For each method, there is a version for working with matched strings and
another for working with Match
objects.
For example, pattern matching with an unanchored Regex
, as in the previous example,
can also be accomplished using findFirstMatchIn
. The findFirst
methods return an Option
which is non-empty if a match is found, or None
for no match:
val dates = "Important dates in history: 2004-01-20, 1958-09-05, 2010-10-06, 2011-07-15"
val firstDate = date.findFirstIn(dates).getOrElse("No date found.")
val firstYear = for (m <- date.findFirstMatchIn(dates)) yield m.group(1)
To find all matches:
val allYears = for (m <- date.findAllMatchIn(dates)) yield m.group(1)
To check whether input is matched by the regex:
date.matches("2018-03-01") // true
date.matches("Today is 2018-03-01") // false
date.unanchored.matches("Today is 2018-03-01") // true
To iterate over the matched strings, use findAllIn
, which returns a special iterator
that can be queried for the MatchData
of the last match:
val mi = date.findAllIn(dates)
while (mi.hasNext) {
val d = mi.next
if (mi.group(1).toInt < 1960) println(s"$d: An oldie but goodie.")
}
Although the MatchIterator
returned by findAllIn
is used like any Iterator
,
with alternating calls to hasNext
and next
, hasNext
has the additional
side effect of advancing the underlying matcher to the next unconsumed match.

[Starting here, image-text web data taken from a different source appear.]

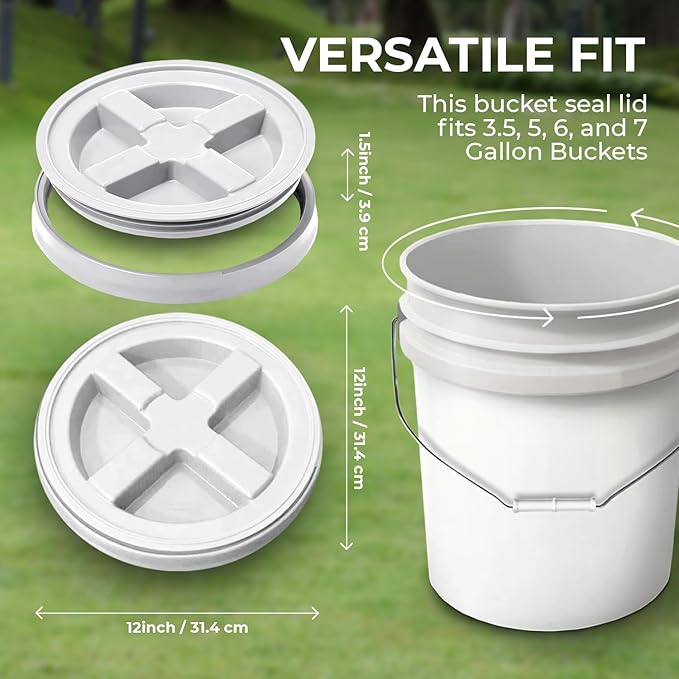 5-Gallon Blue Bucket Pail with Gamma Seal Screw on Airtight Lid, Metal Handles with Plastic Grip for Easy Carrying, Easy Stack and Store, Heavy-Duty 90MIL Extra Durable, Food Grade, BPA Free - 2 Pack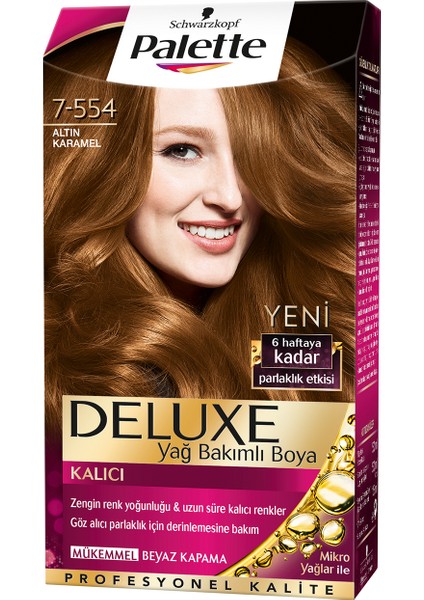 Deluxe 7/554 Altın Karamel Saç Boyası 3'lü Set
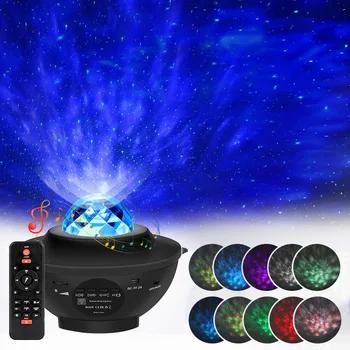 

Starry Sky Night Light Projector Blueteeth Remote Control Music Player Usb Lamp Colorful Rotate Flashing Star Kids Xmas Gift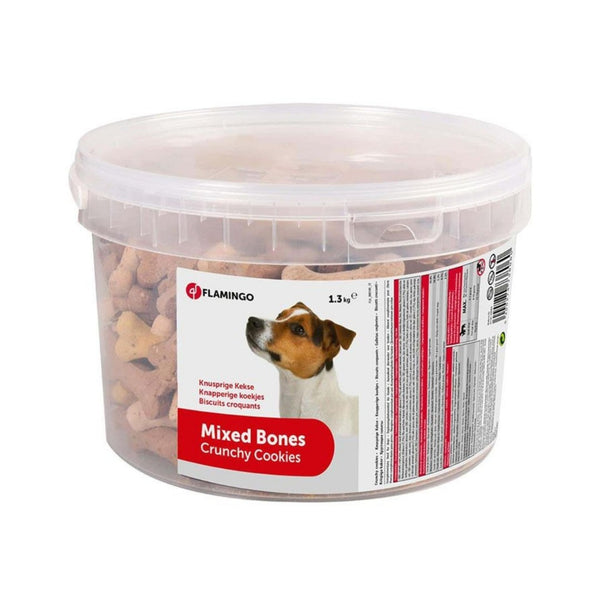 Flamingo Mixed Bones Dog Treats are a great addition to your dog's daily diet. They are tasty and can be used as a treat between meals or as training treats 1.3kg.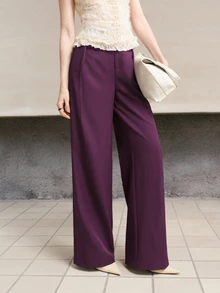 MOTF PREMIUM WOMEN'S SOLID COLOR FASHION LOOSE STRAIGHT LEG SUIT PANTS - Purple - View 2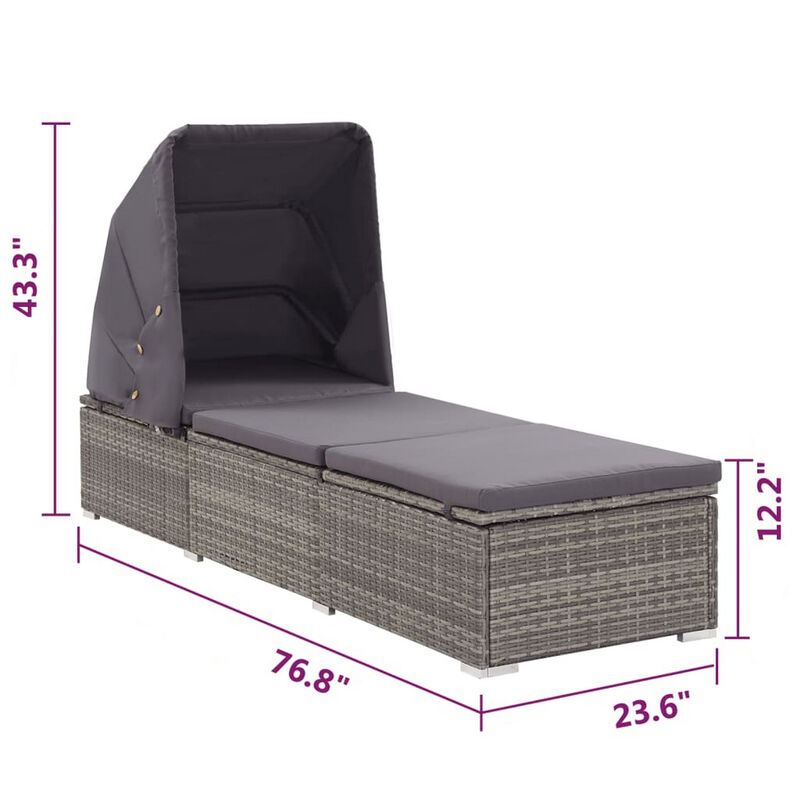 Casey Sun Chaise Lounger with Canopy, Cushion, Gray Rattan, 77 Inch - Benzara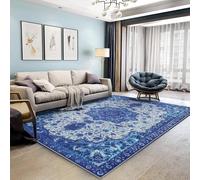 Generico Artistic Traditional Rugs Fluffy Bedroom Rug Shaggy Living Room Non-Slip Soft Modern Rugs Suitable for Home Decoration (Blue)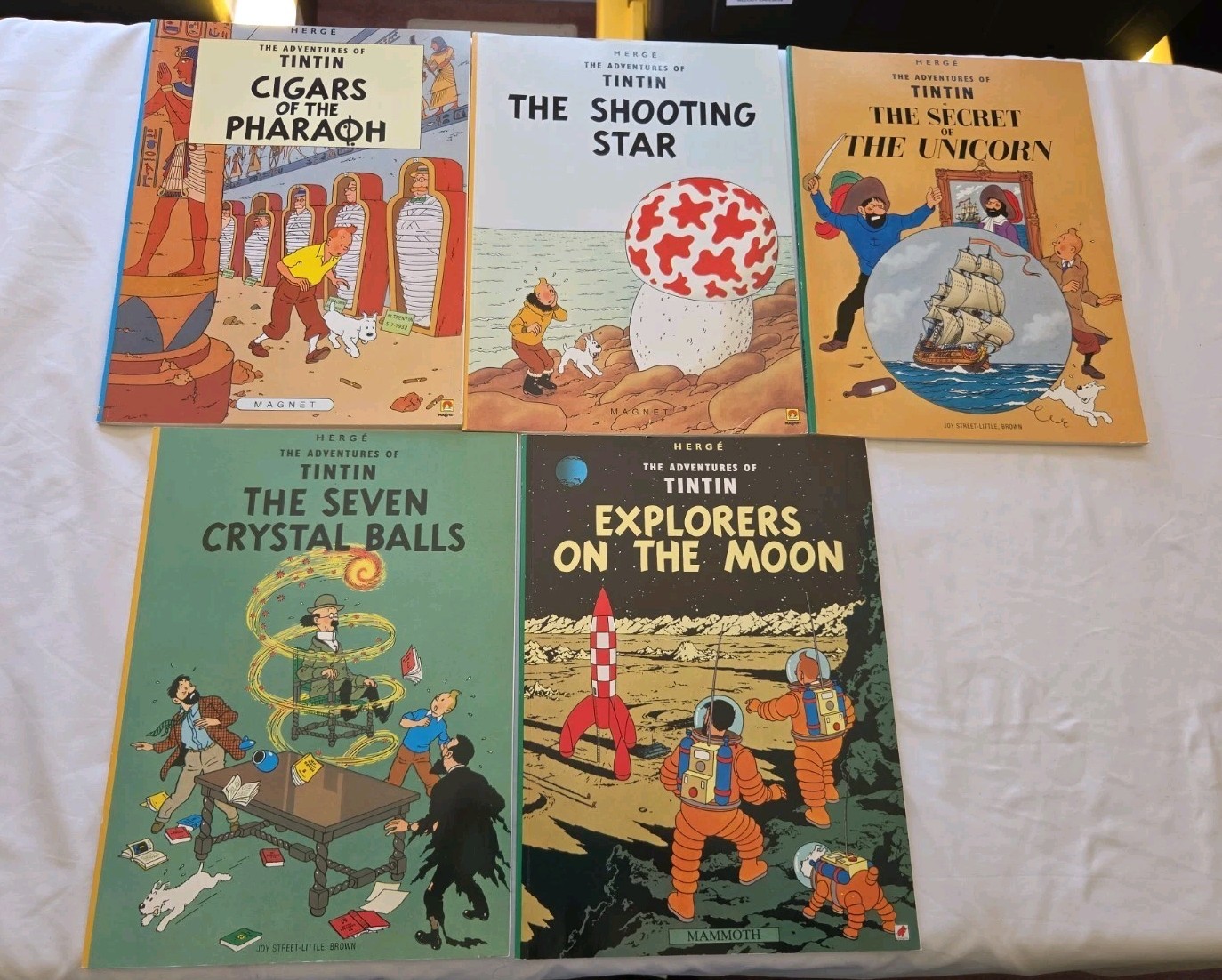Tintin Lot Of 5 Vintage Paperback The Adventures of Tintin by Herge 1980s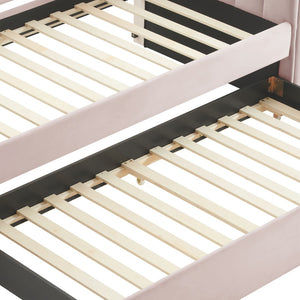 Modway Furniture Veyla Channel Tufted Performance Velvet Twin Daybed with Hidden Trundle for Stylish Living Spaces Pink MOD-7234-PNK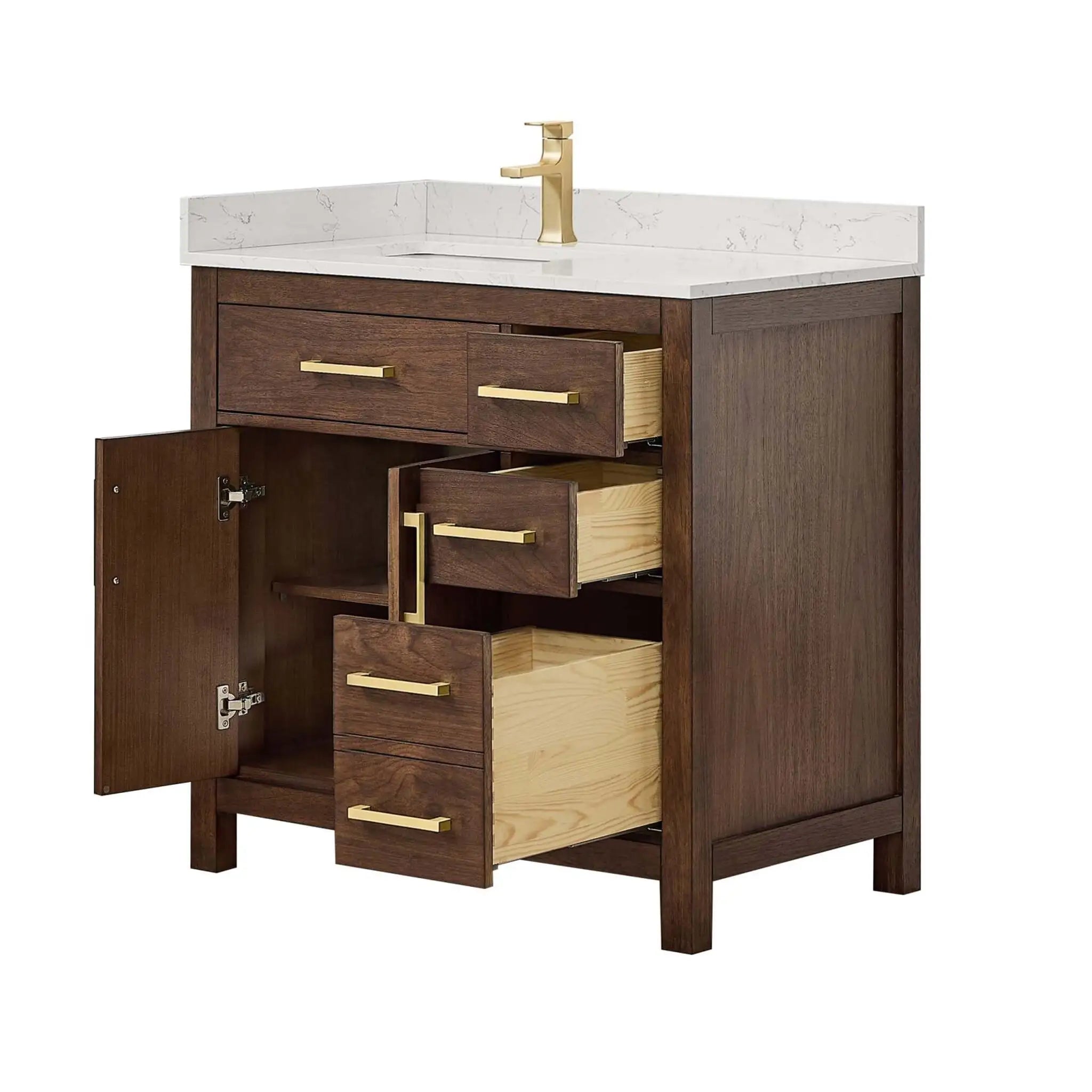 36" Beckett Single Bathroom Vanity in Dark Walnut with Brushed Gold Trim by Wyndham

This effect is visible in the MatchData
representing the "current match".
val r = "(ab+c)".r
val s = "xxxabcyyyabbczzz"
r.findAllIn(s).start // 3
val mi = r.findAllIn(s)
mi.hasNext // true
mi.start // 3
mi.next() // "abc"
mi.start // 3
mi.hasNext // true
mi.start // 9
mi.next() // "abbc"
The example shows that methods on MatchData
such as start
will advance to
the first match, if necessary. It also shows that hasNext
will advance to
the next unconsumed match, if next
has already returned the current match.
The current MatchData
can be captured using the matchData
method.
Alternatively, findAllMatchIn
returns an Iterator[Match]
, where there
is no interaction between the iterator and Match
objects it has already produced.
Note that findAllIn
finds matches that don't overlap. (See findAllIn for more examples.)
val num = raw"(\d+)".r
val all = num.findAllIn("123").toList // List("123"), not List("123", "23", "3")
Replace Text
Text replacement can be performed unconditionally or as a function of the current match:
val redacted = date.replaceAllIn(dates, "XXXX-XX-XX")
val yearsOnly = date.replaceAllIn(dates, m => m.group(1))
val months = (0 to 11).map { i => val c = Calendar.getInstance; c.set(2014, i, 1); f"$c%tb" }
val reformatted = date.replaceAllIn(dates, _ match { case date(y,m,d) => f"${months(m.toInt - 1)} $d, $y" })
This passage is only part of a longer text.